Monday 21 March 2022
On 11 March I visited Napier Barracks in Folkestone, along with the Leader of Folkestone and Hythe District Council, Cllr David Monk. We were given a tour of improvements made to the facilities for the three hundred asylum claimants who are resident there. The Barracks is being used as a temporary facility to accommodate men who have claimed asylum in the UK, and who have no underlying health conditions. Women, children and families are accommodated elsewhere by the Home Office. The maximum stay at the barracks is now ninety days, and significant improvements have been made to the facilities available. I am grateful for all of the work that has been done, particularly from local charities, to support the asylum claimants resident there, and to prepare them for life in the UK, should their claim be successful. The accommodation at Napier is basic, but it is warm and dry and provides decent meals, as well as proper laundry and cleaning facilities. As readers of this column will know, I was against the use of Napier Barracks as asylum accommodation, and I have not changed my view on that. I would like to see the end of the use of this temporary facility as soon as possible. However, along with the District Council, we said from the start that we would do all we could to provide practical support to the Home Office for use of the barracks, and to the asylum claimants who are accommodated there.
There has been an overwhelming response from Kent residents who have offered to open their homes to provide shelter to Ukrainians who have escaped the war in their country. Men of fighting age are required to stay in Ukraine to support their nation’s valiant resistance to the Russian invasion, and those leaving are overwhelmingly older citizens, as well as women and children. It is right that we do all we can to support the people of Ukraine, both in their war of self-defence, and to provide shelter to those that need it. The Russian military is increasingly targeting residential areas, including now in the west of the country, and we will never forget President Putin’s barbarous and unprovoked assault of this peaceful nation. We all hope that the current peace talks will succeed and that a ceasefire can be established. However, it must be clear that Putin has failed to gain any advantage from this campaign and that reparations would be due to Ukraine for the losses they have sustained.

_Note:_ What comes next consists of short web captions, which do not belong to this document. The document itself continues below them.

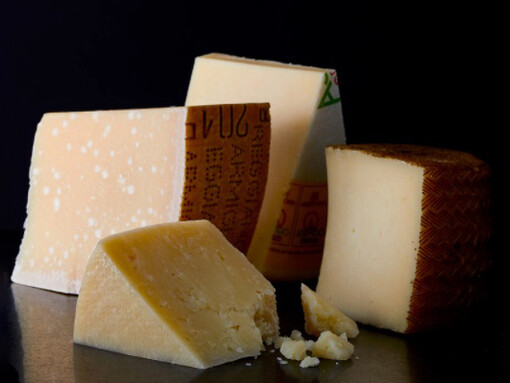 On a peak of the calendar, when summer and the whole of nature are at their apogee, soft, gentle, blue Gorgonzola is the best cheese to eat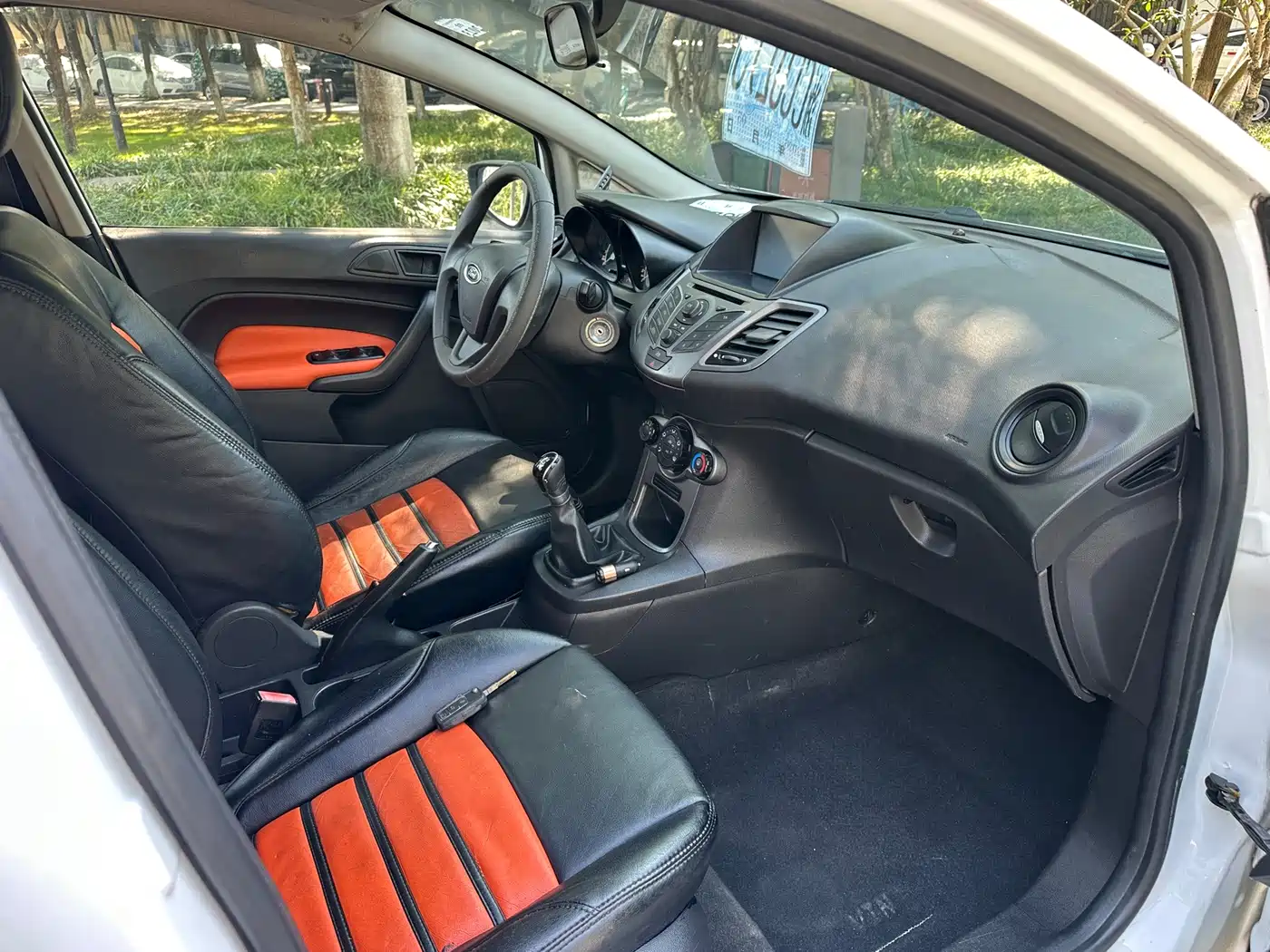 Ford Fiesta 2015 2013 Hatchback 1.5L Manual Trend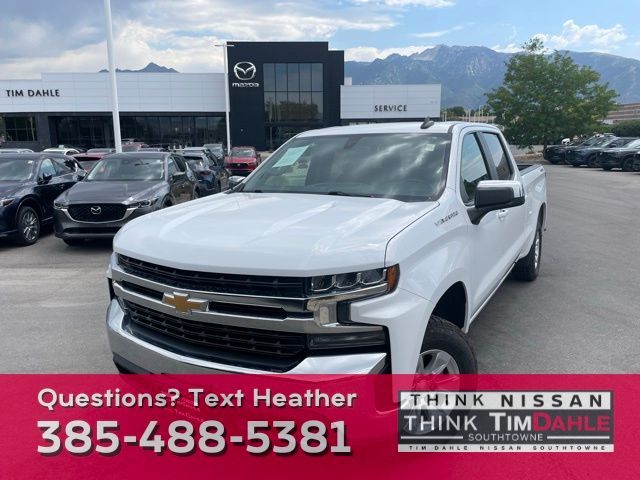 2019 Chevrolet Silverado 1500 LT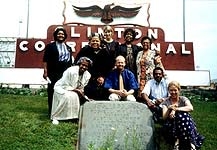 Volunteers from the Riverside Church Prison Ministry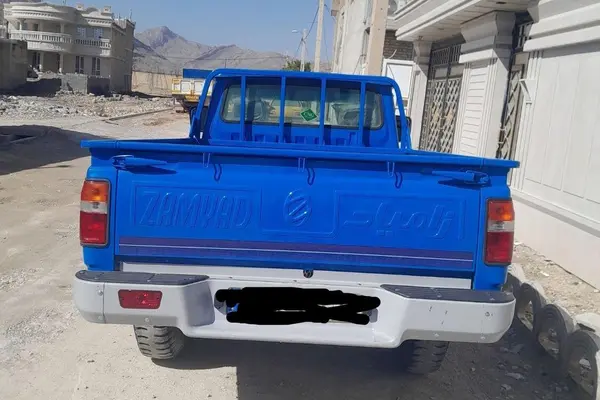 زامیاد، وانت نیسان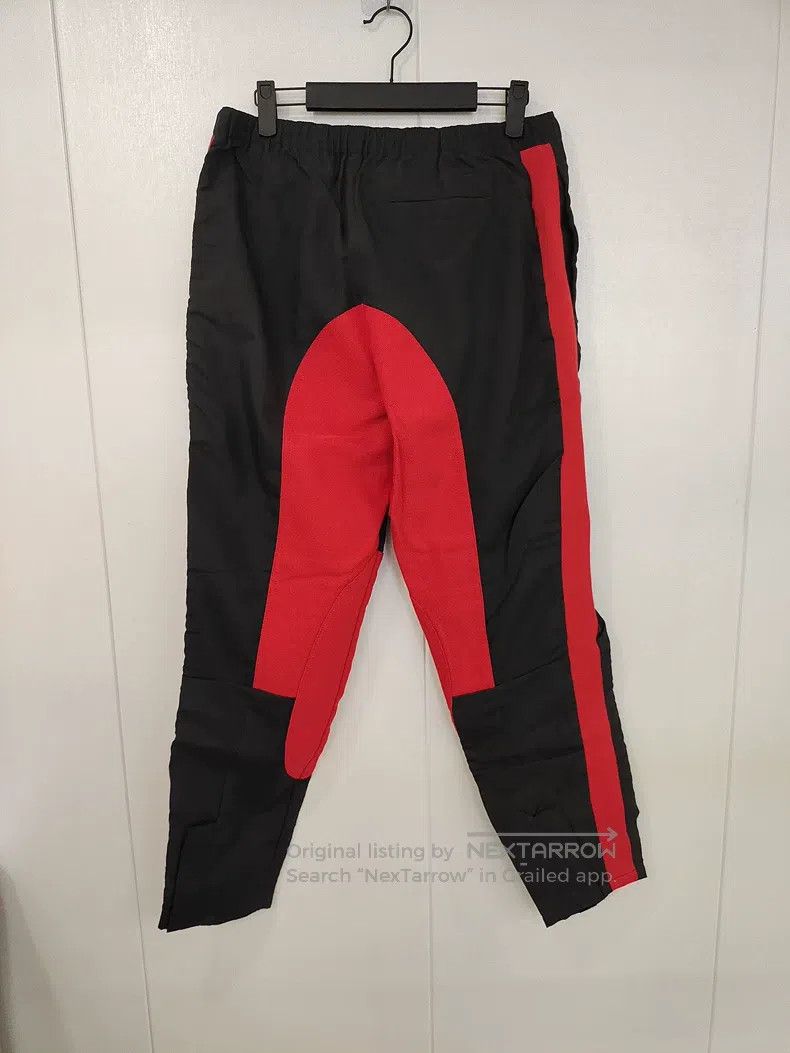 Givenchy Givenchy Size46 Red and Black Colorblock Long Pants Size US 30 / EU 46 - 2 Thumbnail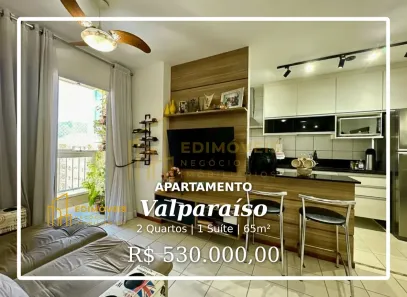 Apartamento com 2 Quartos à venda, 65m² no Valparaíso, Serra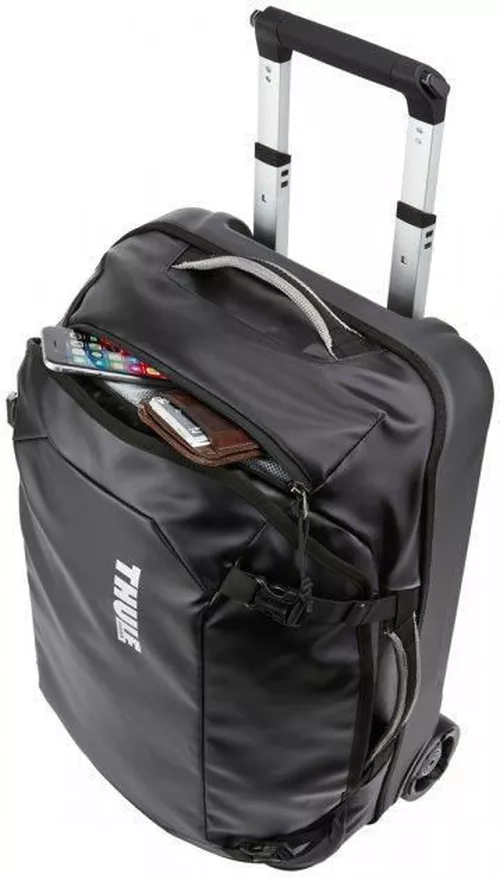 купить Чемодан THULE Chasm wheeled duffel 40 L Black в Кишинёве 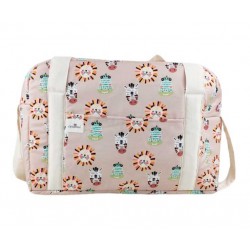 Bolso maternal cocodrilo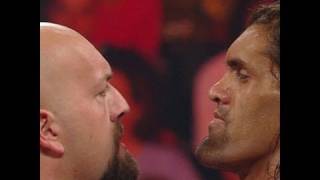 Two of WWEs largest Superstars clashed when Big Show took [upl. by Ettigirb]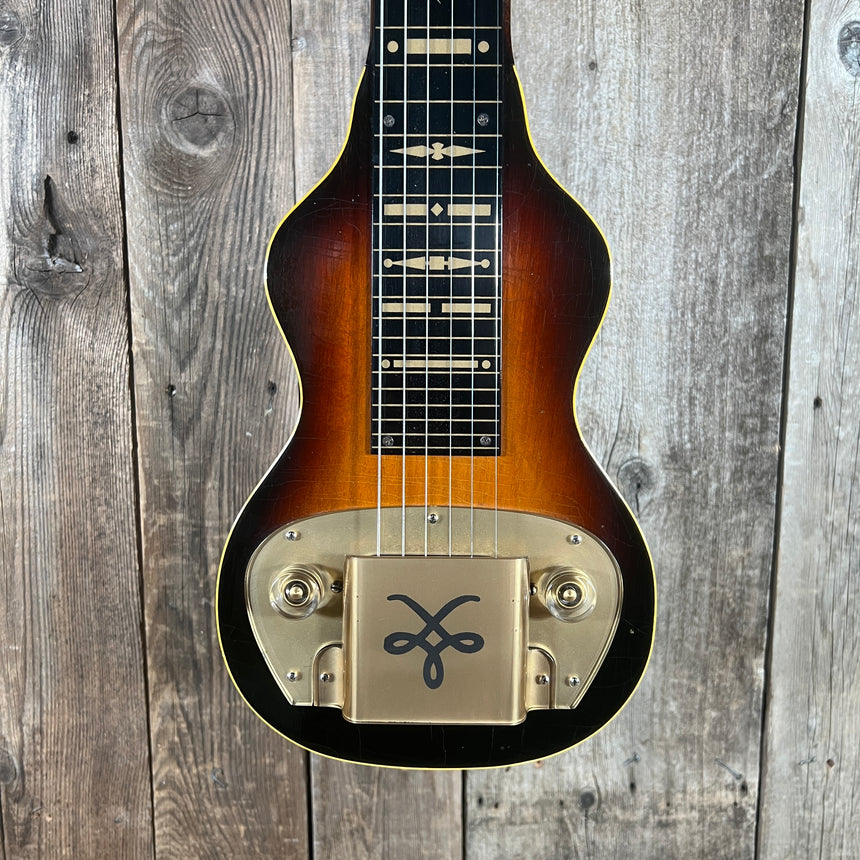 SOLD - Gibson BR-4 Lap Steel 1947 Sunburst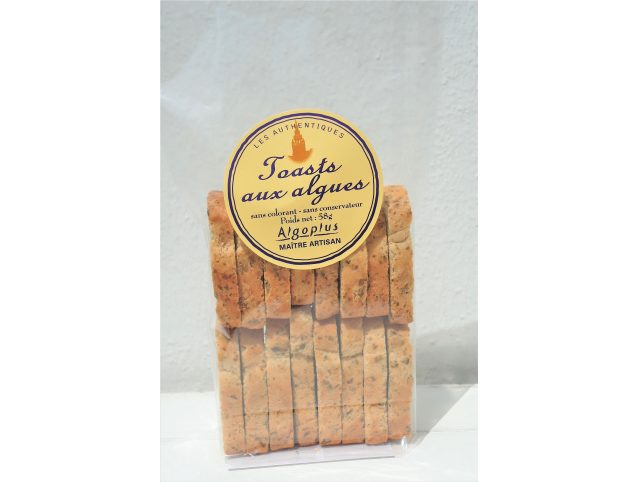 Toasts aux algues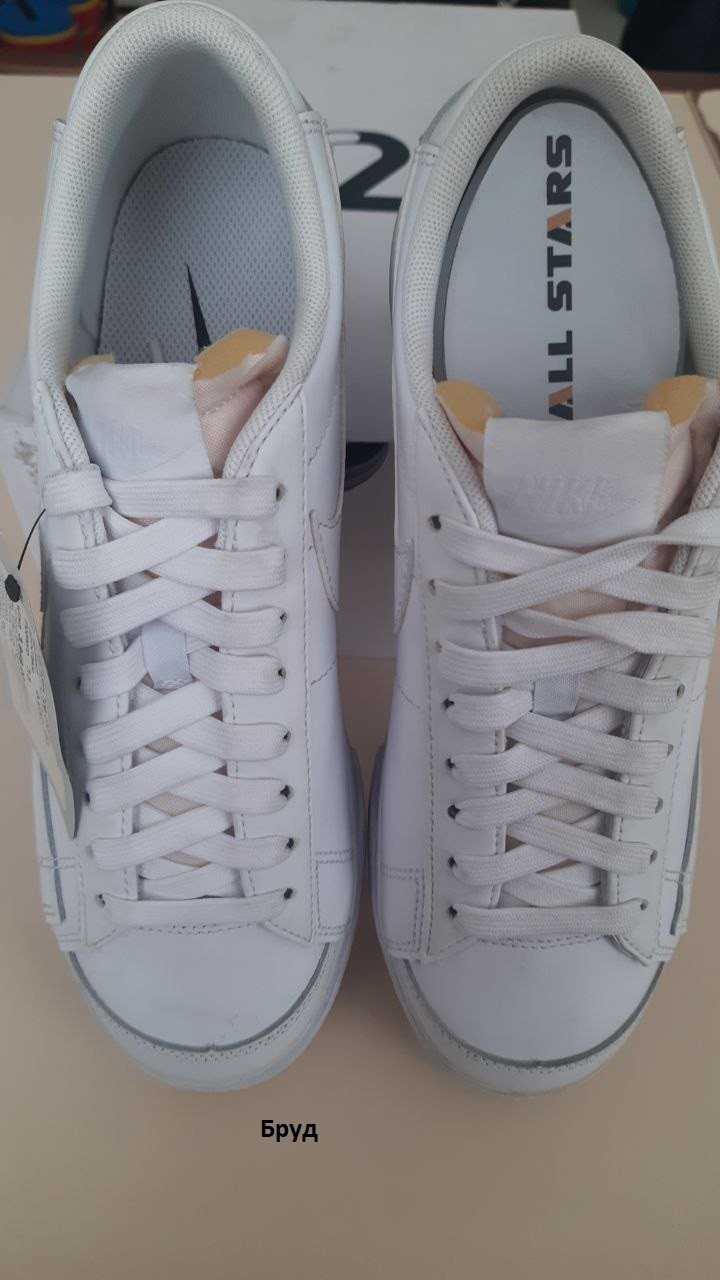 Кросівки Nike BLAZER LO PLATFORM (Клас А) DJ0292-100-R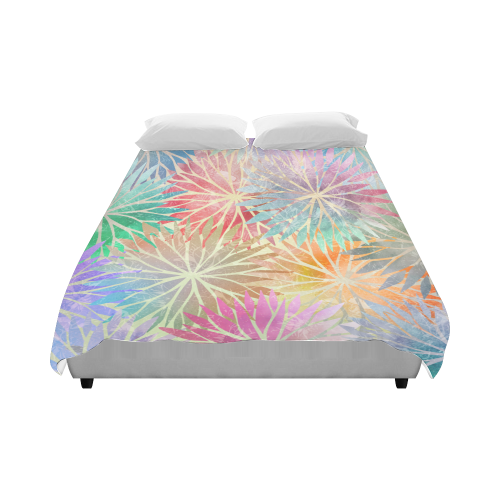 Summer Pattern 3 Duvet Cover 86"x70" ( All-over-print)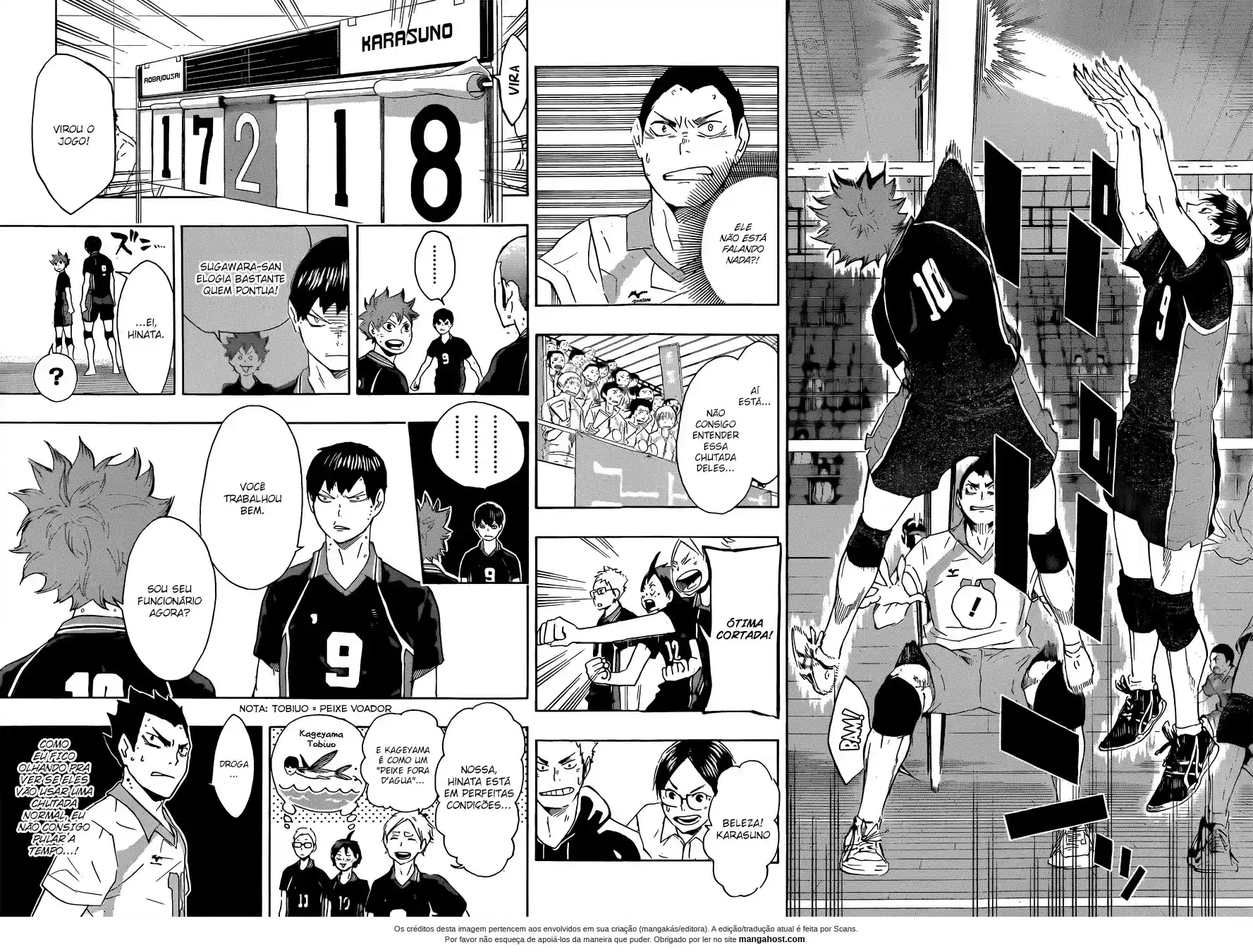 Read Haikyuu!! Português Manga Online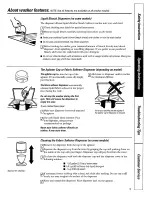 Предварительный просмотр 9 страницы Hotpoint VBSR 1070 Owner'S Manual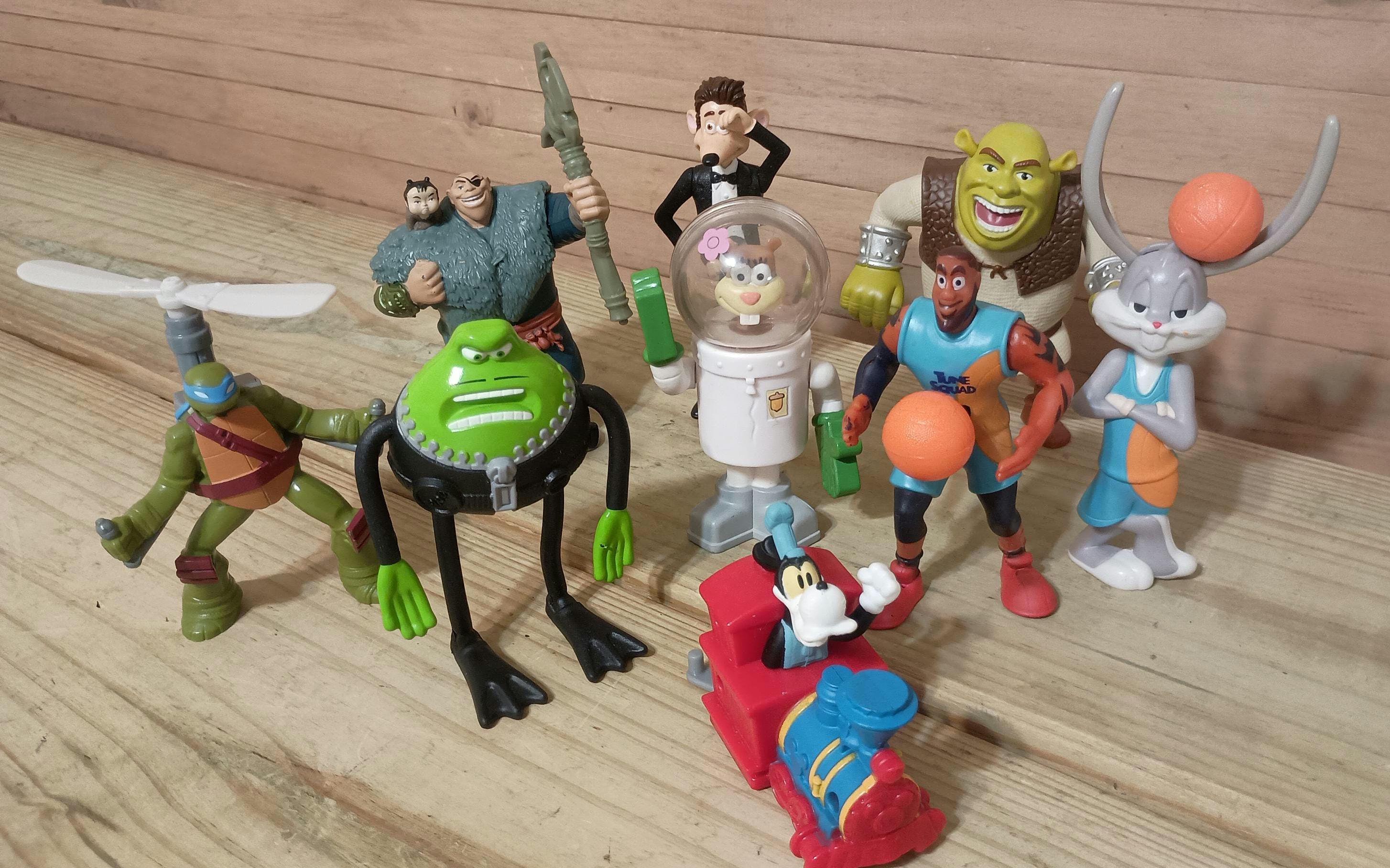 1992 ドイツ　マクドナルド　ミールトイ フィギュア　フルコンプ　レア　2 1992 ドイツ マクドナルド ミールトイ フィギュア フルコンプ レア 2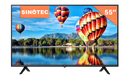 Sinotec 55 Inch 4K QLED Google LED TV - 3840 x 2160 (4K UHD)1200:1 contrast ratio60Hz refresh rate(8ms response time). Supports HDR10 HDR10+ HLG and Dolby Vision with Game Mode and Film Maker Mode Google TV OS with 2GB DDR RAM and 16GB Flash storage. 3x H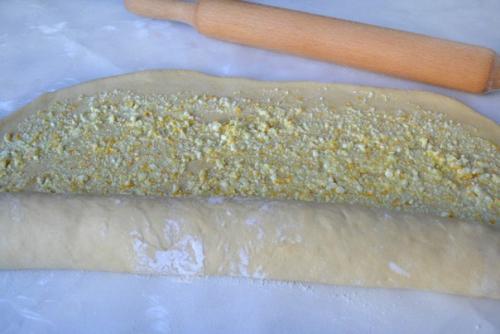 Творожно - апельсиновые улитки к завтраку? 06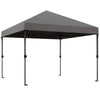 DodiOnline 3 x 3m Pop-Up Gazebo, with Accessories - Grey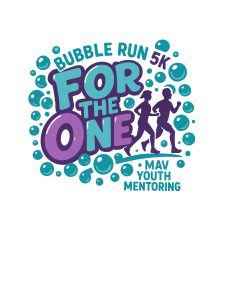 For The One Bubble Run home
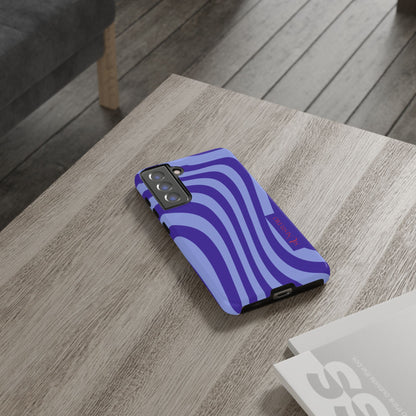 OCEAN SWIRL, Tough Phone Case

I was saddened to learn of the passing of Sir William Fittall following a short illness. Sir William was a compassionate man who contributed greatly to public life throughout his career and was deeply committed to helping those experiencing hardship, particularly through his work as the Chair of Trustees at the Folkestone Rainbow Centre. He also served the Church of England, as Secretary General of the Archbishops Council. My thoughts are with his friends and family at this time of grief and loss. May he rest in peace.